The Paleo diet is based on one main principle: if we eat like our hunter-gatherer ancestors who lived between 2.6 million to 10,000 years ago, before the start of the agricultural revolution, we will avoid modern diseases such as heart disease as well as infections.

This diet is based on grass-produced meats, fish/seafood, fresh fruits and vegetables, eggs, nuts and seeds and “healthful” oils. Everything else is off limits.

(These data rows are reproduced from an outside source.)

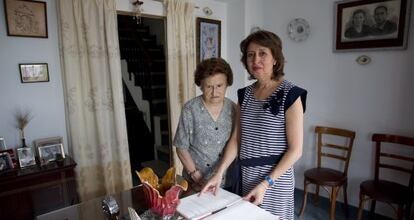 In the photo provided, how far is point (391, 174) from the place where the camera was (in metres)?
2.56

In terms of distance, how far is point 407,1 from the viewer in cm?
233

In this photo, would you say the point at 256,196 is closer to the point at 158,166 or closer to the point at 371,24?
the point at 371,24

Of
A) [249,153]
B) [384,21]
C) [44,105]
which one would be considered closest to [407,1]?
[384,21]

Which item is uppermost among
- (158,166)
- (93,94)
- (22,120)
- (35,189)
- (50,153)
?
(93,94)

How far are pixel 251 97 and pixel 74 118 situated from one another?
167 cm

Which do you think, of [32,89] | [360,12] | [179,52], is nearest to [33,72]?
[32,89]

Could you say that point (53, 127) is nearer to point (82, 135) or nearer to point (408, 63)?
point (82, 135)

But, there are some glaring oversights:

  • there was no one single Paleo diet – diets varied based on region and time period (check out Christina Warinner’s TED talk on this)
  • In several regions, well over 10,000 years ago and possibly even a few million years ago, people ate grains and legumes.
  • Examination of mummies tells us that all people from this time period had clogged arteries.
  • The fruits, vegetables and meats we have today look nothing like what our ancestors ate (ex: fruit were small, tough and bitter).
  • Our ancestors hunted and gathered food – in other words, their daily lives included physical activity (both strength training which builds muscle and bone and aerobic exercise).

The Good:

  • The Paleo diet cuts out our top sources of calories in the US including alcohol, desserts and sugar sweetened beverages.
  • It’s loaded with protein which will keep you full for a longer period of time after eating and help you build muscle.
  • Plenty of fruits and vegetables!

The Bad:

  • No legumes (peas, beans, lentils and peanuts) – legumes are rich in fiber, potassium, magnesium (some), iron (some), antioxidants and more.
  • No grains. Grains provide a good bit of the fiber in the average American diet in addition to folate, other vitamins and antioxidants.
  • No dairy – our top source of bone building calcium and vitamin D. Now, I know what some self proclaimed nutrition experts will say here – people in Africa (or insert other country here) don’t consume much calcium and they don’t have as many cases of osteoporosis as we do in the U.S. Go to Africa, conduct dietary recalls (to see what they are indeed eating) and then follow a group of women around for several days. The women I met from Africa a few years ago were big and strong thanks to farm work (in their particular country the women do all the farming). They walked (far) with buckets of water on their head daily (fantastic way to build bone density in the spine!). I don’t know any females in the U.S. who get near the bone building activity these women are getting on a daily basis. So, this is far from a valid comparison. (SN: I haven’t even bothered to research the incidence of osteoporosis here vs. Africa because I’d be comparing a largely sedentary desk-sitting population to one with different genetics that also gets bone building activity for hours each day).

Diet magic? Follow anything that makes you cut calories and you’ll lose weight. Eat more protein and you’ll tend to lose more fat than muscle.